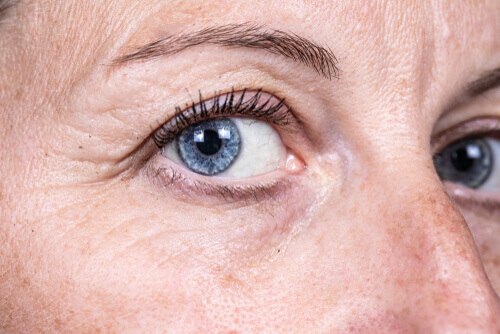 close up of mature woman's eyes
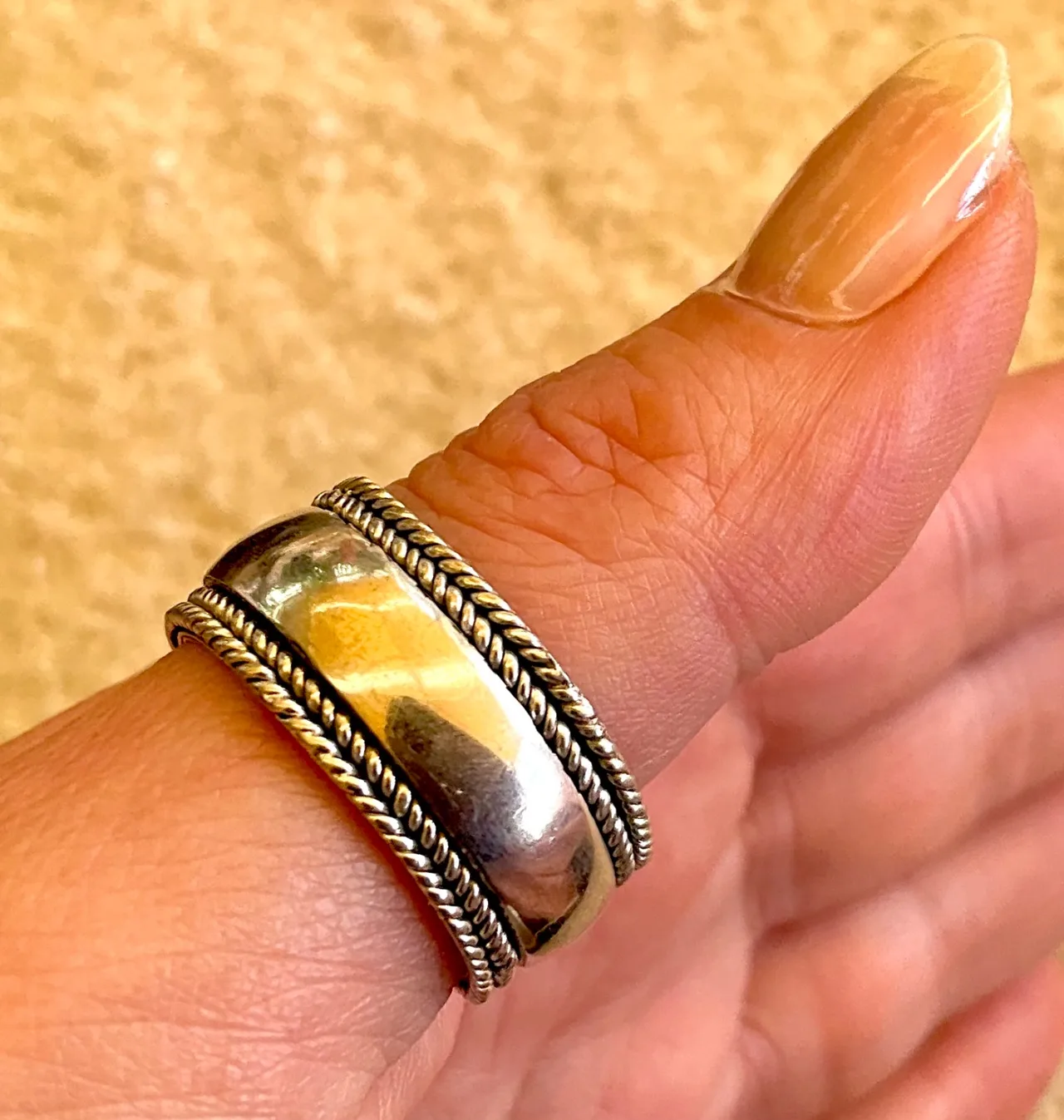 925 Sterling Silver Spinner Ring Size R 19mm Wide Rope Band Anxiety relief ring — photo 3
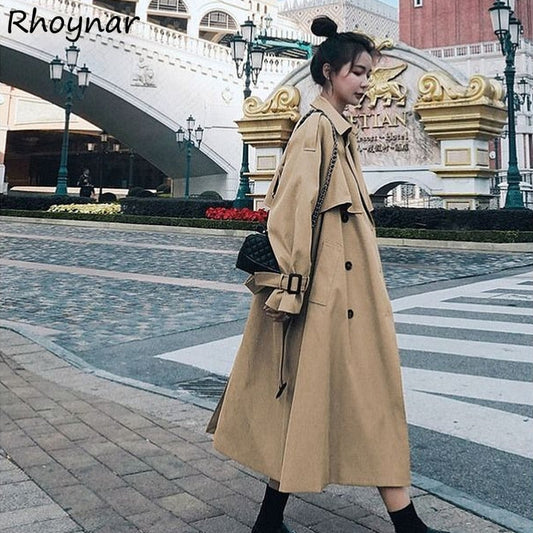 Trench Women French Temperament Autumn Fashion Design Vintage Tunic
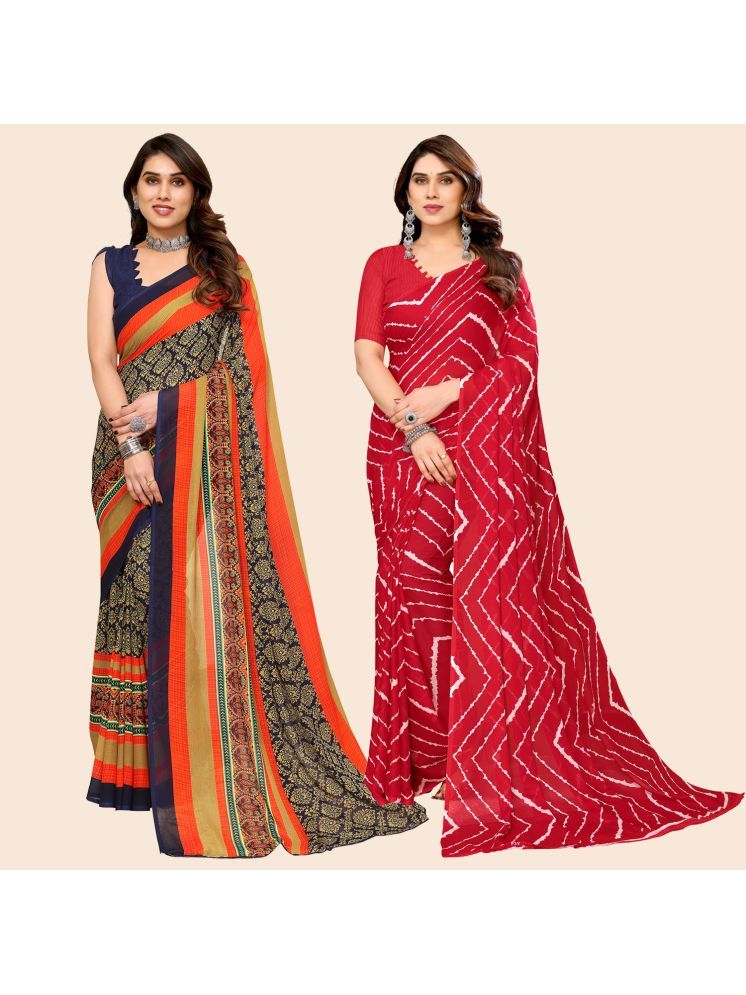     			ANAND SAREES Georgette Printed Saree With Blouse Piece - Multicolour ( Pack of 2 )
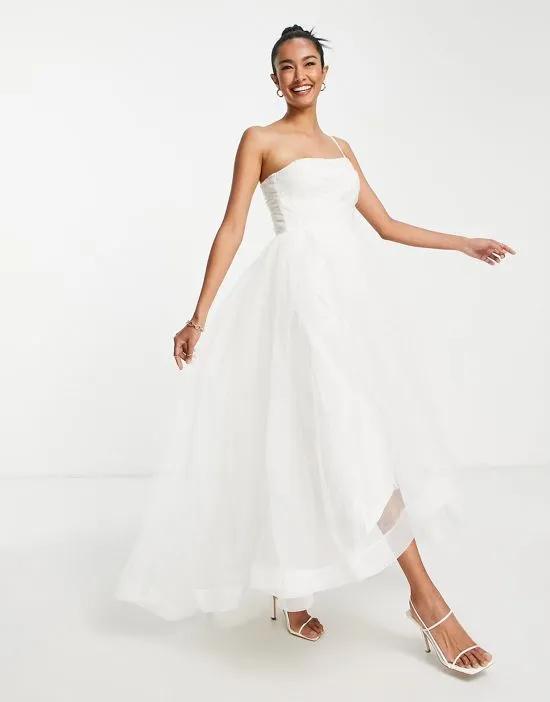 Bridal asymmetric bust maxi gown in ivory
==
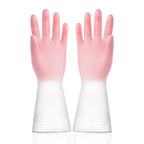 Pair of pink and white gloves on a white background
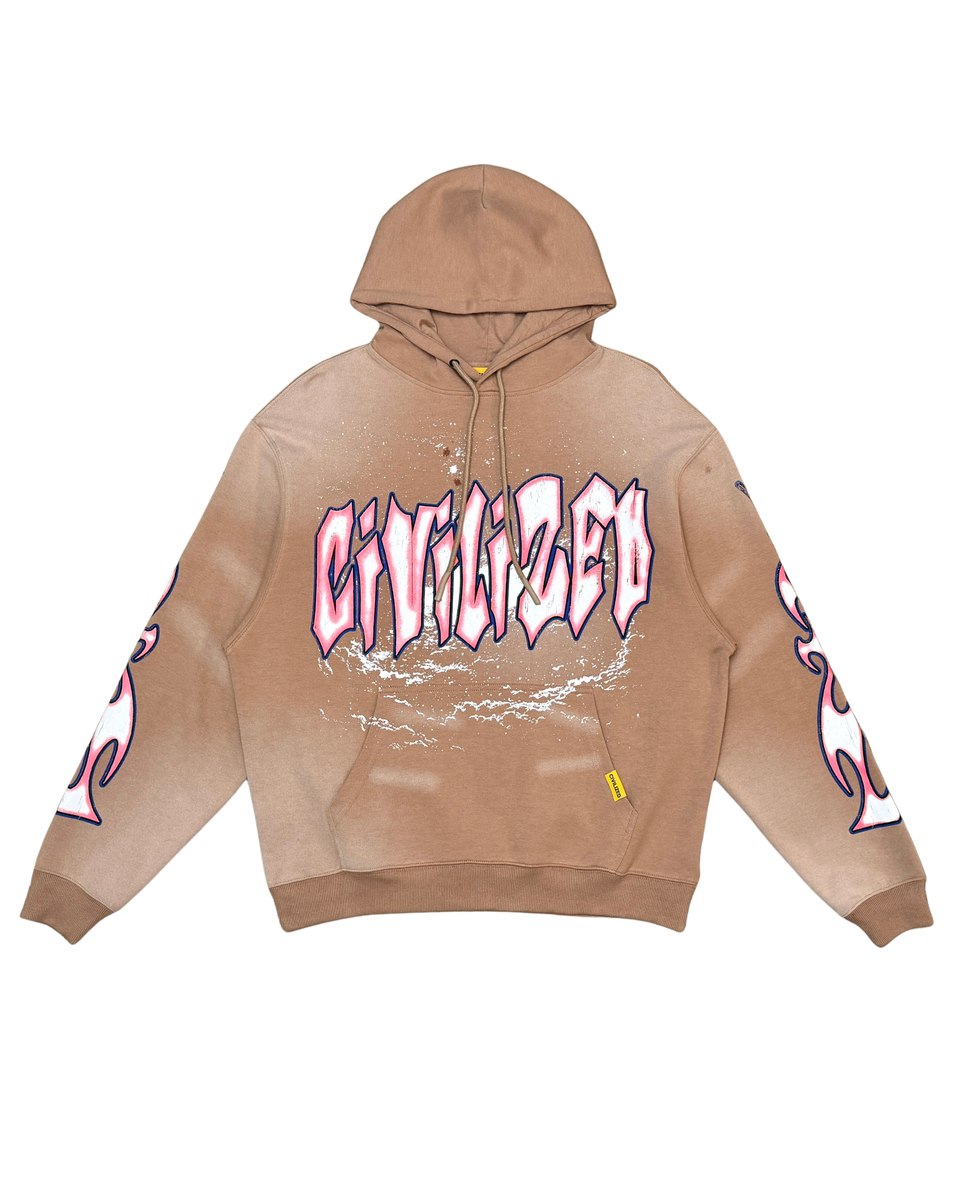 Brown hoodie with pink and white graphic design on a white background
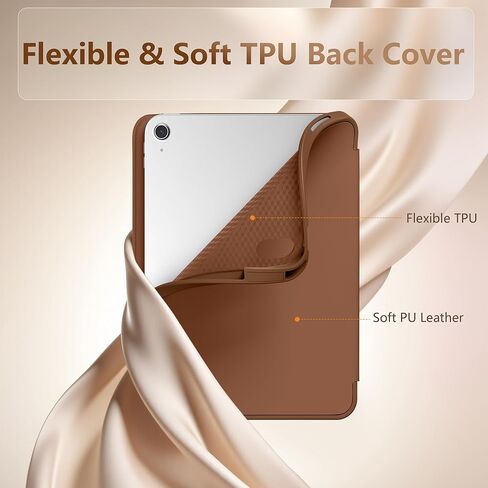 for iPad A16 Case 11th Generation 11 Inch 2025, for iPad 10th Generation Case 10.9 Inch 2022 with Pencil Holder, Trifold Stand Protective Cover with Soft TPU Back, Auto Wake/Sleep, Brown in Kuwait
--
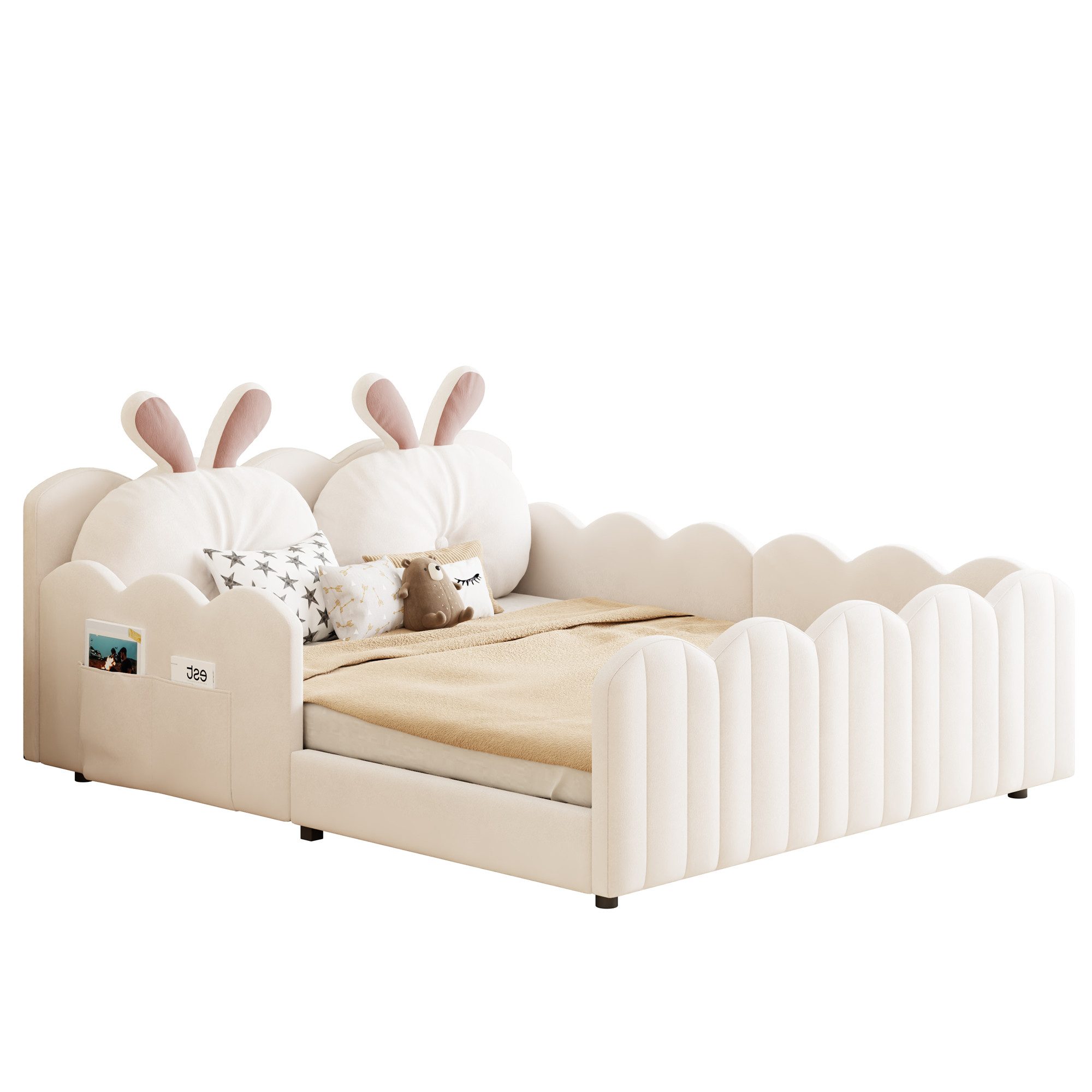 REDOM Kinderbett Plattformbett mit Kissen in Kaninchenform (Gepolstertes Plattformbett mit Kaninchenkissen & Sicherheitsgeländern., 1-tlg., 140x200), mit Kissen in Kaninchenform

> ASSIGNED TASK
Extract from the material above the stretch running from the line containing "close up of mature woman's eyes" through the line containing "Bridal asymmetric bust maxi gown in ivory". Keep the text exact and the pictures out.

> WRITTEN ANSWER
 close up of mature woman's eyes
 925 Sterling Silver Spinner Ring Size R 19mm Wide Rope Band Anxiety relief ring — photo 3
 Trench Women French Temperament Autumn Fashion Design Vintage Tunic
     			ANAND SAREES Georgette Printed Saree With Blouse Piece - Multicolour ( Pack of 2 )
 Bridal asymmetric bust maxi gown in ivory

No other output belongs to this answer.